WHAT TO WORK ON | Starting at the line that contains "Plants growing in forest", restate each line word for word through the final line of the data, keeping both ends.

--- AVAILABLE DATA Enclosed Below ---

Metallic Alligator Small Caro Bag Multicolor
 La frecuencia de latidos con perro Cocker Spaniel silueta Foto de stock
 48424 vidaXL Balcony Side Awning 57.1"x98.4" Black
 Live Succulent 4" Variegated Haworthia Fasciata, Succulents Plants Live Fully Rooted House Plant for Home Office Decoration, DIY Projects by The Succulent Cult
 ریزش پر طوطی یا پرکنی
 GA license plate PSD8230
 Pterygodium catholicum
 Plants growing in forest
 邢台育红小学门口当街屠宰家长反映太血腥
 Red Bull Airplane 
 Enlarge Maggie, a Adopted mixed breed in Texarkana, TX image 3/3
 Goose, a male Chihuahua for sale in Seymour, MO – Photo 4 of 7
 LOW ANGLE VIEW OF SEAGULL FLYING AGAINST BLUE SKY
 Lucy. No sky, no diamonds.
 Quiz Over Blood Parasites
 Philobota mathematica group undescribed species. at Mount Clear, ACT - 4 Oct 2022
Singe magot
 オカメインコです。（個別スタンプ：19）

--- End of Enclosed AVAILABLE DATA ---

COMPLETED TASK |
 Plants growing in forest
 邢台育红小学门口当街屠宰家长反映太血腥
 Red Bull Airplane 
 Enlarge Maggie, a Adopted mixed breed in Texarkana, TX image 3/3
 Goose, a male Chihuahua for sale in Seymour, MO – Photo 4 of 7
 LOW ANGLE VIEW OF SEAGULL FLYING AGAINST BLUE SKY
 Lucy. No sky, no diamonds.
 Quiz Over Blood Parasites
 Philobota mathematica group undescribed species. at Mount Clear, ACT - 4 Oct 2022
Singe magot
 オカメインコです。（個別スタンプ：19）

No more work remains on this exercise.